The elbow muscle strength of baseball pitchers could play a bigger role in injury risk and prevention than previously thought, according to biomedical researchers at Northwestern University.
Their study, recently published in Annals of Biomedical Engineering, used a novel computer model similar to that used to study upper limb control in prosthetic devices. The researchers reproduced pitching motion recorded from a high school player to explore how individual muscles affect ulnar collateral ligament loading (UCL), and how changes in muscle output can either relieve or exacerbate that load.
“Our simulations illustrate that if the muscles were doing nothing, then the bones that make up the elbow joint could have been pulled apart during that single pitch,” Wendy M. Murray, associate professor of biomedical mitering at Northwestern’s McCormick School of Engineering and Applied Science and co-author of the study, stated in a press release. “In contrast, we also were able to implement reasonable assumptions about muscle performance that showed how the very same pitch could result in no load on the UCL at all.”
Findings also showed that the medial elbow muscles generated substantial, protective varus elbow moments during simulation. The triceps generated large varus moments at the time of peak valgus loading. Varus moments generated by the flexor digitorum superficialis were larger, but occurred later in the motion, the researchers found.

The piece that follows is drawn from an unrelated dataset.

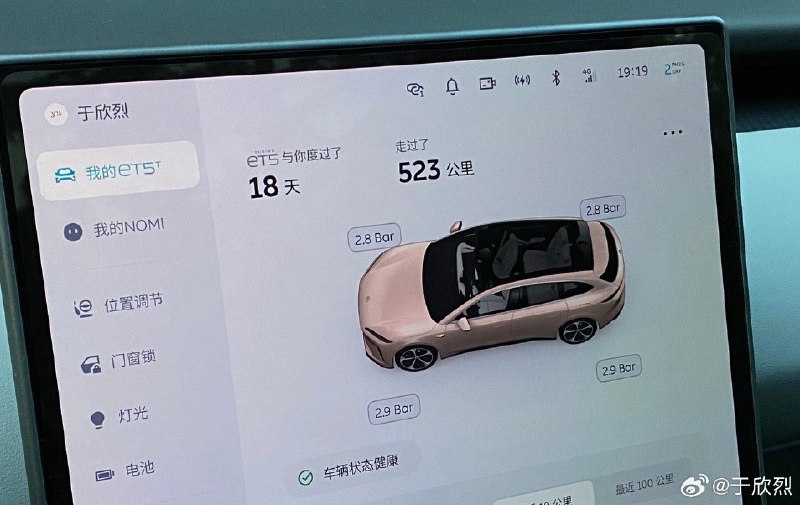 强蹭一个：成为蔚来破销量历史纪录的 20,544 分之一。（重生之我让蔚来创新高）配图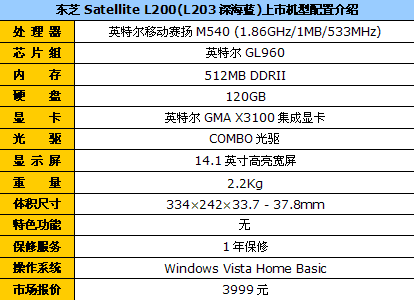 ������������Vista&nbsp;��֥L203����3999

Additionally, increasing muscle-tendon force output, either by augmenting strength parameters or activation levels, decreased the load on the UCL. Researchers stated the data could enable targeted training of specific muscles and more accurate assessments of UCL vulnerability, potentially reducing the number of elbow injuries in the future.
Reference:
Buffi JH, et al. Ann Biomed Eng. 2015;doi:10.1007/s10439-014-1144-z.